▶ _WORK TO BE COMPLETED_
Nothing but the lines from the start of the records below through the line that has "Minimalist Small Love" should appear, each exactly as given.

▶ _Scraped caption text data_

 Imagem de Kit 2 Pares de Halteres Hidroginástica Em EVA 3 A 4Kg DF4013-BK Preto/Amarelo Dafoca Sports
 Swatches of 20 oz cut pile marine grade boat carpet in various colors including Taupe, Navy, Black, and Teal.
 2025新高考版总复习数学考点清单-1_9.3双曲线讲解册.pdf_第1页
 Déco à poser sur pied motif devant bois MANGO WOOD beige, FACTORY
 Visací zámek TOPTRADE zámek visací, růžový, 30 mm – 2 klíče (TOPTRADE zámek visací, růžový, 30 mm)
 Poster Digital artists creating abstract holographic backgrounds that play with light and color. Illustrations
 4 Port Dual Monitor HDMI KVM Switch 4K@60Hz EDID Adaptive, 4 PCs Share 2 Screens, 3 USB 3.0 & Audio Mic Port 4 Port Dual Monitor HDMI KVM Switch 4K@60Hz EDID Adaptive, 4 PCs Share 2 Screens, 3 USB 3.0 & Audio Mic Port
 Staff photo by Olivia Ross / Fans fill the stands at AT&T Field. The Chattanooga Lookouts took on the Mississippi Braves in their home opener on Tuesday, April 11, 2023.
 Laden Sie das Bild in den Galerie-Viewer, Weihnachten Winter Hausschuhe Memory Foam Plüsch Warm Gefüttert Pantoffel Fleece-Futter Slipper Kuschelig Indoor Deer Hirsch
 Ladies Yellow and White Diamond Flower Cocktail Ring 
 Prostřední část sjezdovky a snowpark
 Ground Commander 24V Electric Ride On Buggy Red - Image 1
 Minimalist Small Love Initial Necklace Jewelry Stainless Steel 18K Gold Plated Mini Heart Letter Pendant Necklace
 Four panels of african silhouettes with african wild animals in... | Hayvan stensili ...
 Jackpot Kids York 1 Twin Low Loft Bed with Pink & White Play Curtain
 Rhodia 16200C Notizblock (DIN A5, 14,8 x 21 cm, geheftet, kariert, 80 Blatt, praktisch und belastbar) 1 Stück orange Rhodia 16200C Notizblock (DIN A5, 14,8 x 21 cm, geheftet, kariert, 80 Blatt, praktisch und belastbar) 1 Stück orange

▶ _EXERCISE ANSWER_
 Imagem de Kit 2 Pares de Halteres Hidroginástica Em EVA 3 A 4Kg DF4013-BK Preto/Amarelo Dafoca Sports
 Swatches of 20 oz cut pile marine grade boat carpet in various colors including Taupe, Navy, Black, and Teal.
 2025新高考版总复习数学考点清单-1_9.3双曲线讲解册.pdf_第1页
 Déco à poser sur pied motif devant bois MANGO WOOD beige, FACTORY
 Visací zámek TOPTRADE zámek visací, růžový, 30 mm – 2 klíče (TOPTRADE zámek visací, růžový, 30 mm)
 Poster Digital artists creating abstract holographic backgrounds that play with light and color. Illustrations
 4 Port Dual Monitor HDMI KVM Switch 4K@60Hz EDID Adaptive, 4 PCs Share 2 Screens, 3 USB 3.0 & Audio Mic Port 4 Port Dual Monitor HDMI KVM Switch 4K@60Hz EDID Adaptive, 4 PCs Share 2 Screens, 3 USB 3.0 & Audio Mic Port
 Staff photo by Olivia Ross / Fans fill the stands at AT&T Field. The Chattanooga Lookouts took on the Mississippi Braves in their home opener on Tuesday, April 11, 2023.
 Laden Sie das Bild in den Galerie-Viewer, Weihnachten Winter Hausschuhe Memory Foam Plüsch Warm Gefüttert Pantoffel Fleece-Futter Slipper Kuschelig Indoor Deer Hirsch
 Ladies Yellow and White Diamond Flower Cocktail Ring 
 Prostřední část sjezdovky a snowpark
 Ground Commander 24V Electric Ride On Buggy Red - Image 1
 Minimalist Small Love Initial Necklace Jewelry Stainless Steel 18K Gold Plated Mini Heart Letter Pendant Necklace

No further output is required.